Print all of the records. Exclude the images.

(Scraped caption text data)
▼
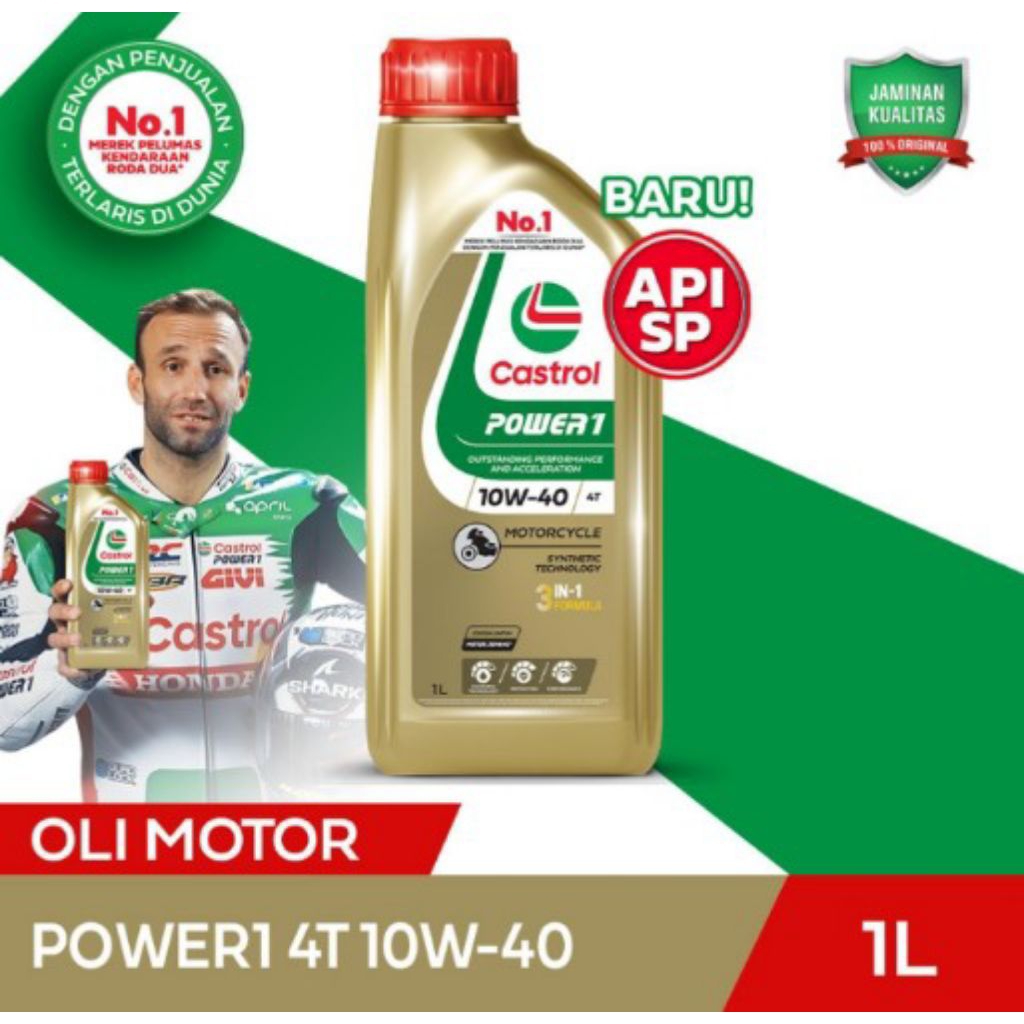 CASTROL OIL MOTOR POWER1 4T 10W-40 1L Oli Motor Castrol POWER1 4T 10W40 dengan Power Release Formula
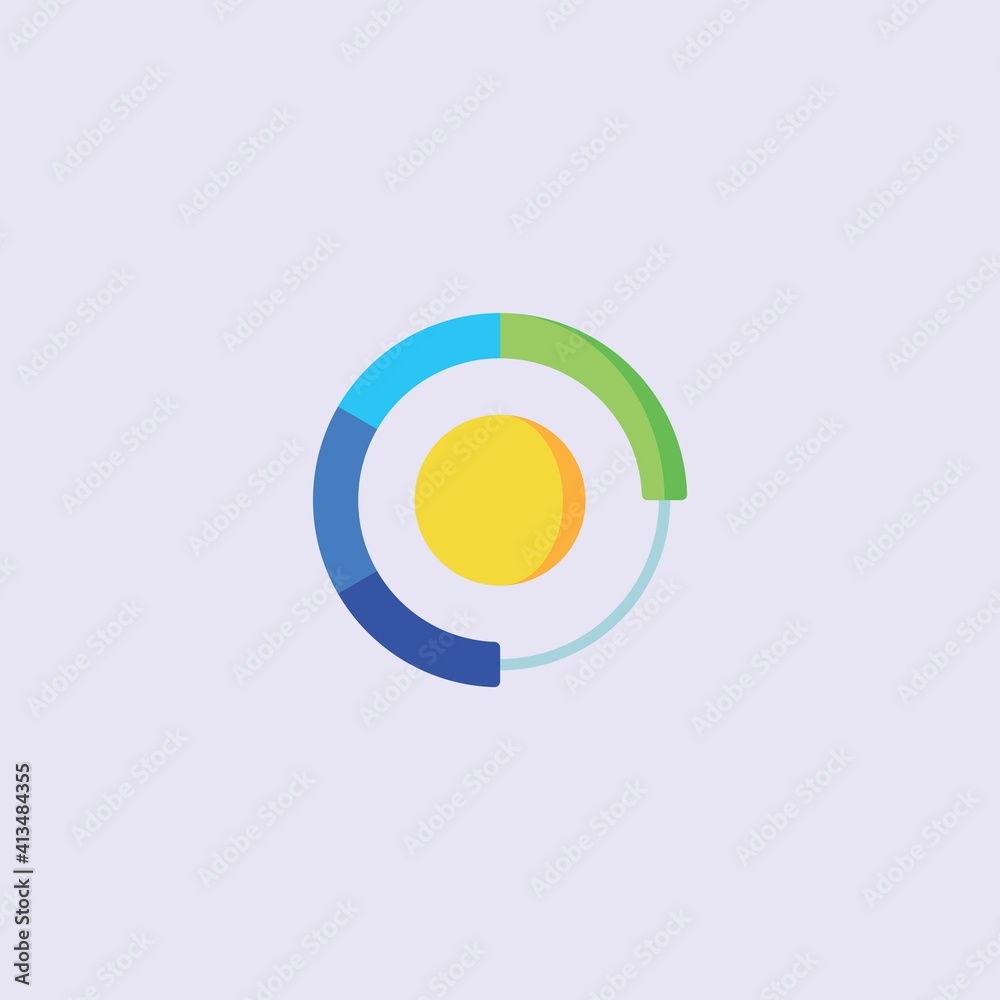 Vector illustration of flat diagram icon in blue, green and yellow color Vector illustration of flat diagram icon in blue, green and yellow color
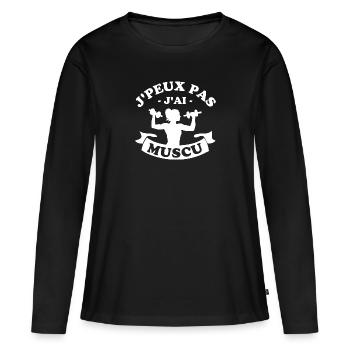 JPEUX PAS J AI MUSCU 1 - T-shirt manches longues Premium bio Femme - noir - Devant - Julia (174cm)
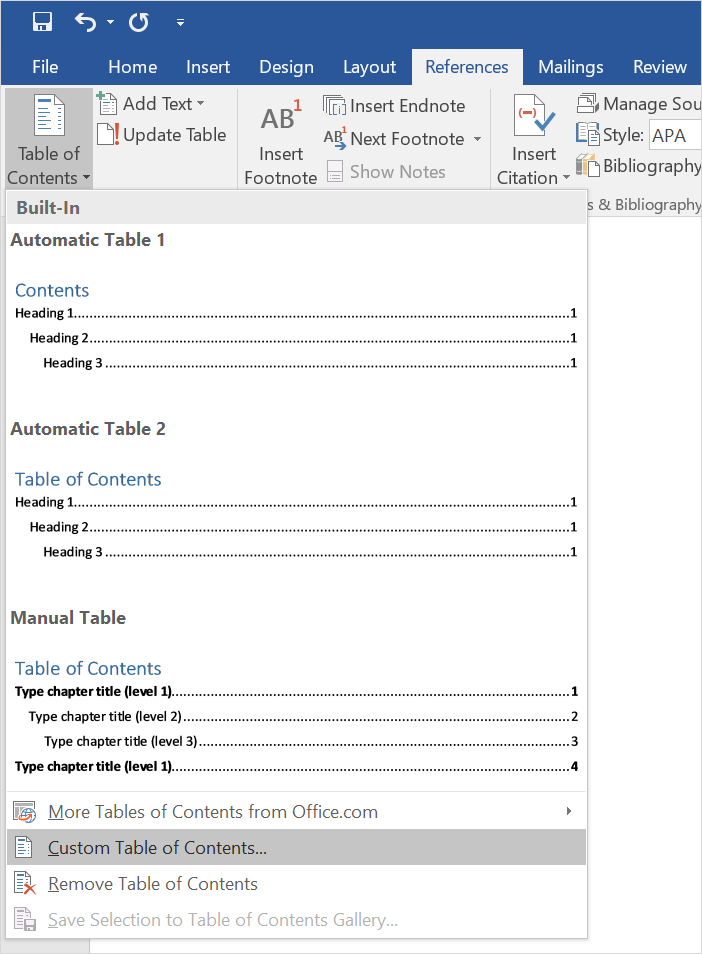 在 Word 中插入目录
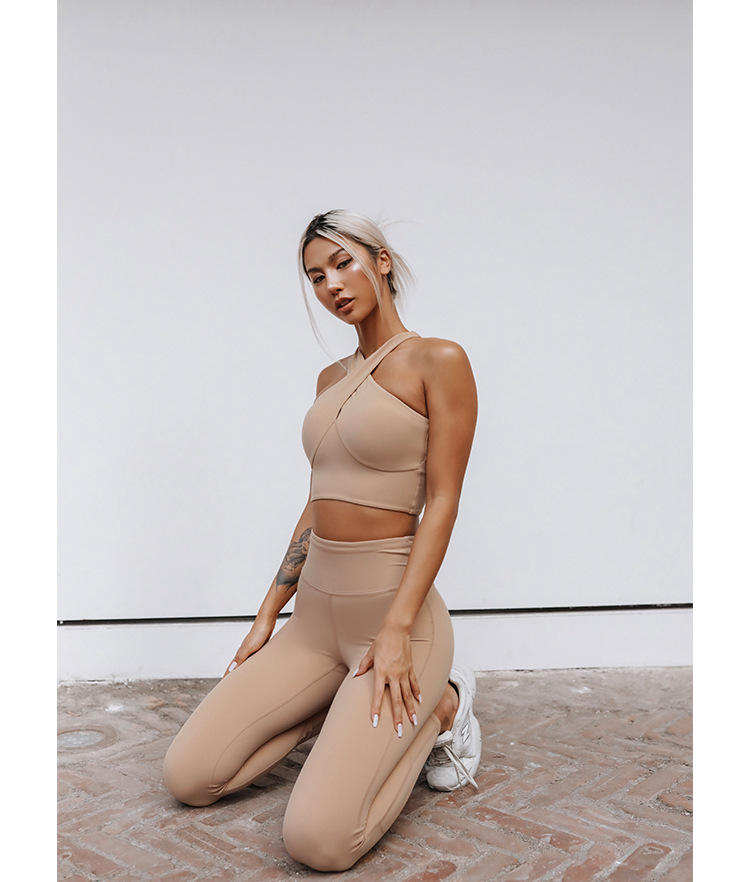 Women Outfit Jogger Yoga Bra Pants Sets High Waist Nylon Yoga Sports Raising Hips Gym Wear Legging Elastic Fitness Tights Workout set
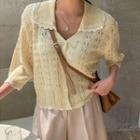 Scallop-piped Pointelle-knit Cardigan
▲
▸ **TASK OUTPUT**:
 CASTROL OIL MOTOR POWER1 4T 10W-40 1L Oli Motor Castrol POWER1 4T 10W40 dengan Power Release Formula
 Vector illustration of flat diagram icon in blue, green and yellow color Vector illustration of flat diagram icon in blue, green and yellow color
 JPEUX PAS J AI MUSCU 1 - T-shirt manches longues Premium bio Femme - noir - Devant - Julia (174cm)
 在 Word 中插入目录
 Women Outfit Jogger Yoga Bra Pants Sets High Waist Nylon Yoga Sports Raising Hips Gym Wear Legging Elastic Fitness Tights Workout set
 Scallop-piped Pointelle-knit Cardigan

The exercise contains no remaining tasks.